[Task input — start]
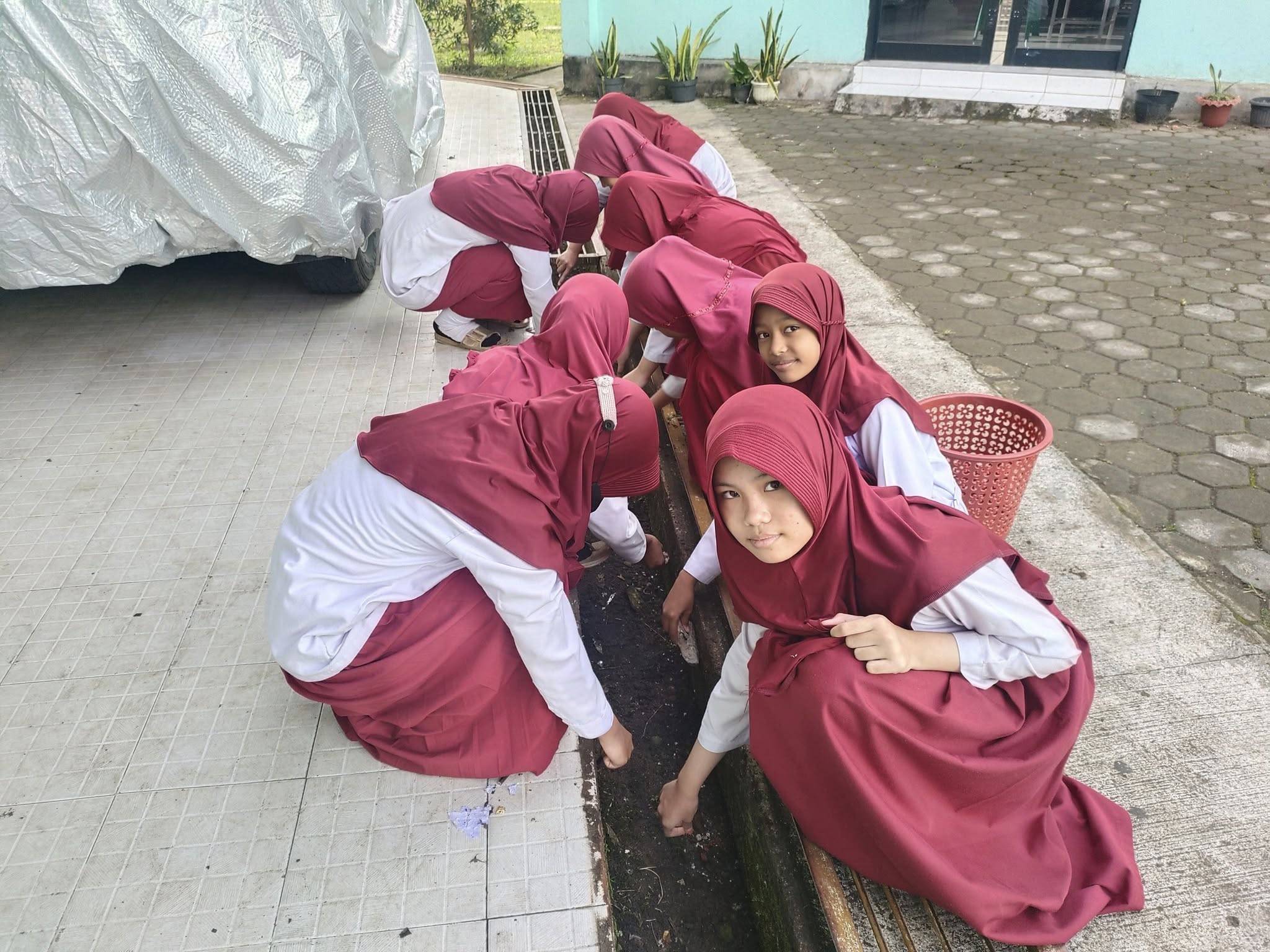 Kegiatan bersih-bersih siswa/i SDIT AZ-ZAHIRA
[Task input — finish]
[Task input — start]
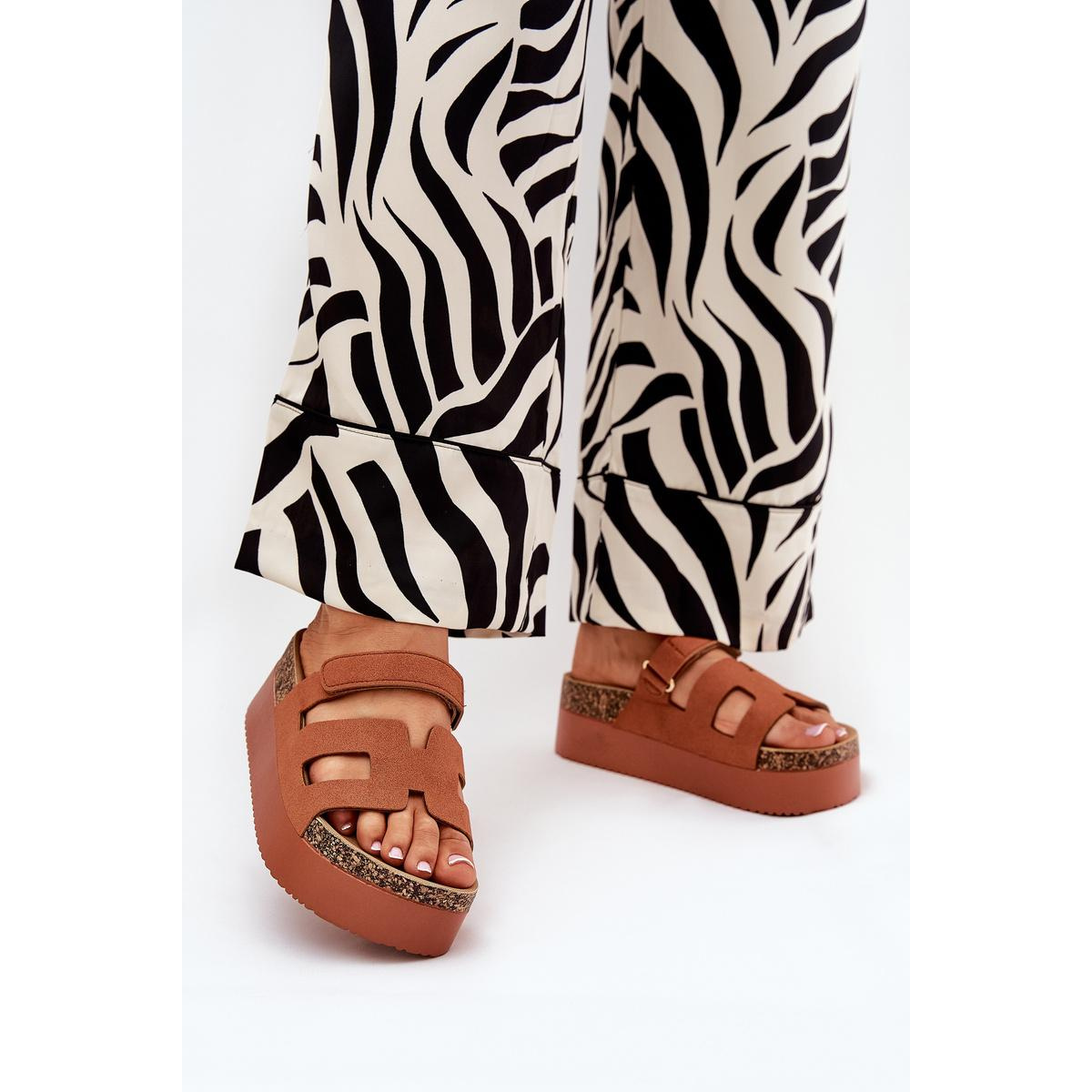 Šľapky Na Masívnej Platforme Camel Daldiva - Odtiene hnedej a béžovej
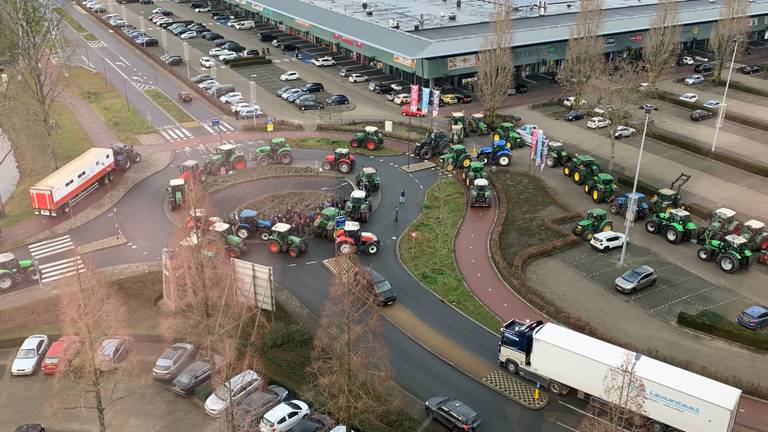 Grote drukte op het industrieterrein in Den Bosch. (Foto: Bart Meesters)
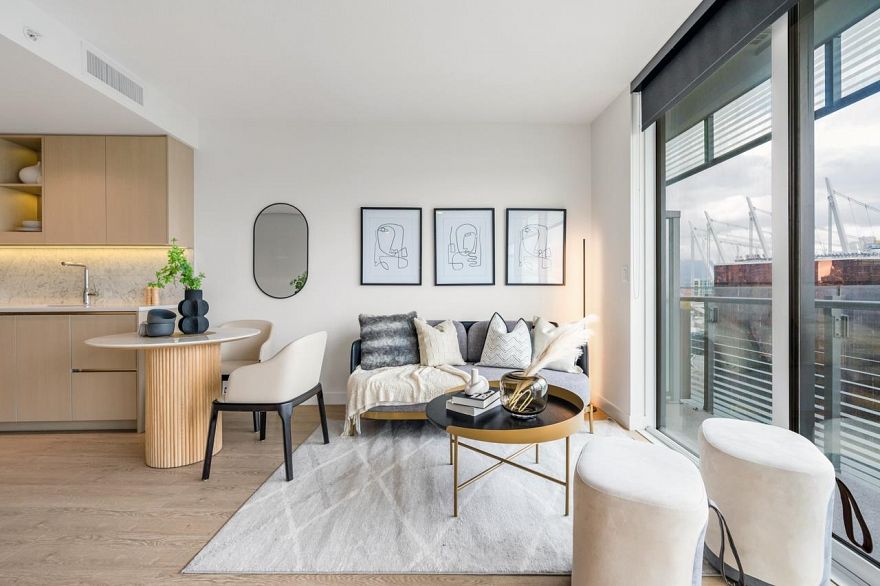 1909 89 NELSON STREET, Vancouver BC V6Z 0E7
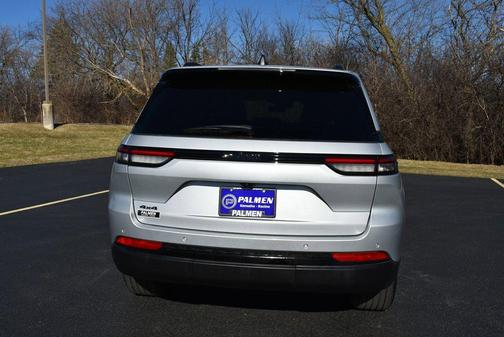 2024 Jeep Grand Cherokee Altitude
[Task input — finish]
## Problem description
Please set down, exactly and with no pictures, the lines in the entries above starting at the one holding "Šľapky Na Masívnej" and ending at the one holding "2024 Jeep Grand Cherokee Altitude", ends included.

## Answer space
 Šľapky Na Masívnej Platforme Camel Daldiva - Odtiene hnedej a béžovej
 Grote drukte op het industrieterrein in Den Bosch. (Foto: Bart Meesters)
 1909 89 NELSON STREET, Vancouver BC V6Z 0E7
 2024 Jeep Grand Cherokee Altitude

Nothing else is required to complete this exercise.